(Records from a dataset)

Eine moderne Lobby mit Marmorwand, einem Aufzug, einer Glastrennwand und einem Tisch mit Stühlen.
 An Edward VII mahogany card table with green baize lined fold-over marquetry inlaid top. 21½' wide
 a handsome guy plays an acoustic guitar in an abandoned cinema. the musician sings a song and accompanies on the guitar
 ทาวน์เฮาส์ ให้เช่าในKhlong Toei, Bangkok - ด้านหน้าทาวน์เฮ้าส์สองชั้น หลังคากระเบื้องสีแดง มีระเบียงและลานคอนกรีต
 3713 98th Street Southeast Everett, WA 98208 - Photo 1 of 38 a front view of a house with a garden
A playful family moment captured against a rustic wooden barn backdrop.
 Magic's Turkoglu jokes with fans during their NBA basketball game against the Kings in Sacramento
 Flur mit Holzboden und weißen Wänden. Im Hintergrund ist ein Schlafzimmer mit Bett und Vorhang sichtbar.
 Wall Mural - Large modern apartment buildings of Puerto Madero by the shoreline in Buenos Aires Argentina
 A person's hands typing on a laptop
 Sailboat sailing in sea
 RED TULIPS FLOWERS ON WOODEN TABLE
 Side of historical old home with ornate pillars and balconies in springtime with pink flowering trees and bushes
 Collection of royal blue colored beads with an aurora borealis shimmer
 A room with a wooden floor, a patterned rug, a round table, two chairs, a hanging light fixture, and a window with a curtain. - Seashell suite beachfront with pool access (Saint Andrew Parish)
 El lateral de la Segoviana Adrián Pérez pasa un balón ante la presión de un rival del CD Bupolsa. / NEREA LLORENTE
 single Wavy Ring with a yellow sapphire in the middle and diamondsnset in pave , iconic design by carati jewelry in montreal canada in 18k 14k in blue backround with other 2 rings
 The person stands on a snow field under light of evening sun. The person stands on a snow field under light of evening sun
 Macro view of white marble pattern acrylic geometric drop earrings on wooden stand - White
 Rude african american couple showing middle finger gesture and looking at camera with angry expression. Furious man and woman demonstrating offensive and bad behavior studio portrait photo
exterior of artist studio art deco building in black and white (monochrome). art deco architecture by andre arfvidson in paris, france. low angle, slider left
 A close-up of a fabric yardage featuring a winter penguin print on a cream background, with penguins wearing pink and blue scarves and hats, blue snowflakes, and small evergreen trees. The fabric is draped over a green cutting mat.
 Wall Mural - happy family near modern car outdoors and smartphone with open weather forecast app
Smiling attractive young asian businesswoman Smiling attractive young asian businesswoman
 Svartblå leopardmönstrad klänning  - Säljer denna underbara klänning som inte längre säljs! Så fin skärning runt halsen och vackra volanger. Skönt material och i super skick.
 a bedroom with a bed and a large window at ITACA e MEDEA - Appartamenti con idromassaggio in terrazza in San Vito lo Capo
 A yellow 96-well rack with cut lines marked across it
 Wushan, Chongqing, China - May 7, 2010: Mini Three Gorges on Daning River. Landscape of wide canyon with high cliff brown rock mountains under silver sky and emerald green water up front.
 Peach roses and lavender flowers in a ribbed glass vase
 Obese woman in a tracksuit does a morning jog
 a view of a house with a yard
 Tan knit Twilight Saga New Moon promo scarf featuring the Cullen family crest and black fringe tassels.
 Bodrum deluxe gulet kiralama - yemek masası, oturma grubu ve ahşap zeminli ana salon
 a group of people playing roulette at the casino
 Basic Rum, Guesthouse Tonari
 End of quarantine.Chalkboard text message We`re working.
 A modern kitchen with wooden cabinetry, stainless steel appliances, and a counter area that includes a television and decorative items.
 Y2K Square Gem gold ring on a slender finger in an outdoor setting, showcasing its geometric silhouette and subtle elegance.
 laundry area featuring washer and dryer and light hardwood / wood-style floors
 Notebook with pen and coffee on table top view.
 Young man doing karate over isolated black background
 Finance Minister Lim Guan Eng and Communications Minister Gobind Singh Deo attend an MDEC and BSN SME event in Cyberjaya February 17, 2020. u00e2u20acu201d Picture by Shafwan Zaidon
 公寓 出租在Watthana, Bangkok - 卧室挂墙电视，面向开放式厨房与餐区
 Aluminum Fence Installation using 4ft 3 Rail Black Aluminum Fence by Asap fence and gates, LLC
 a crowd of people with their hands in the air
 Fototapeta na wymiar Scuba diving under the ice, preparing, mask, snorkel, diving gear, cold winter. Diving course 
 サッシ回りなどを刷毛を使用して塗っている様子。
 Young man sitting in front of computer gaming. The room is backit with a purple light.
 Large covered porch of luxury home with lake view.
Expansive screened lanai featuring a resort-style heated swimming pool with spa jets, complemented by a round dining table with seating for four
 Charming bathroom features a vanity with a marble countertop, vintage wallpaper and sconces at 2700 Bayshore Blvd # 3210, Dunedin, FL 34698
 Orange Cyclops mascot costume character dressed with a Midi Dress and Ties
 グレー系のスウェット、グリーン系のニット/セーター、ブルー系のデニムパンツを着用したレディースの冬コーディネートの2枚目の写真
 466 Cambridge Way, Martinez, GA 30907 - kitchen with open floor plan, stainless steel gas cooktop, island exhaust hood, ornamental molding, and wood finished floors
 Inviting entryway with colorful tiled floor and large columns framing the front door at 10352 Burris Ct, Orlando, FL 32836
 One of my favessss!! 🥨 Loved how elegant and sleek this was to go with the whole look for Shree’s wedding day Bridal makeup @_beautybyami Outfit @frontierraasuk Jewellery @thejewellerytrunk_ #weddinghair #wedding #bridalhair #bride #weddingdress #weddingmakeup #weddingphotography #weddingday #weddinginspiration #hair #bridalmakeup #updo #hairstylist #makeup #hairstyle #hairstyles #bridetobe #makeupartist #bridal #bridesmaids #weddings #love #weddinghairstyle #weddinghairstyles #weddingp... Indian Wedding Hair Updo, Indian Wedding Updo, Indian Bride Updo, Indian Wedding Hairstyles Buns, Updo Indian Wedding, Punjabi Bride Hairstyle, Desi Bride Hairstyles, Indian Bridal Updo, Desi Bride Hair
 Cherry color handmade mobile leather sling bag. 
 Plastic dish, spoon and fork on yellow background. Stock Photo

ACTIVITY | With the line holding "Side of historical" as the first and the line holding "Rude african american" as the last, set down that range of the entries above exactly, and nothing else.

RESPONSE |
 Side of historical old home with ornate pillars and balconies in springtime with pink flowering trees and bushes
 Collection of royal blue colored beads with an aurora borealis shimmer
 A room with a wooden floor, a patterned rug, a round table, two chairs, a hanging light fixture, and a window with a curtain. - Seashell suite beachfront with pool access (Saint Andrew Parish)
 El lateral de la Segoviana Adrián Pérez pasa un balón ante la presión de un rival del CD Bupolsa. / NEREA LLORENTE
 single Wavy Ring with a yellow sapphire in the middle and diamondsnset in pave , iconic design by carati jewelry in montreal canada in 18k 14k in blue backround with other 2 rings
 The person stands on a snow field under light of evening sun. The person stands on a snow field under light of evening sun
 Macro view of white marble pattern acrylic geometric drop earrings on wooden stand - White
 Rude african american couple showing middle finger gesture and looking at camera with angry expression. Furious man and woman demonstrating offensive and bad behavior studio portrait photo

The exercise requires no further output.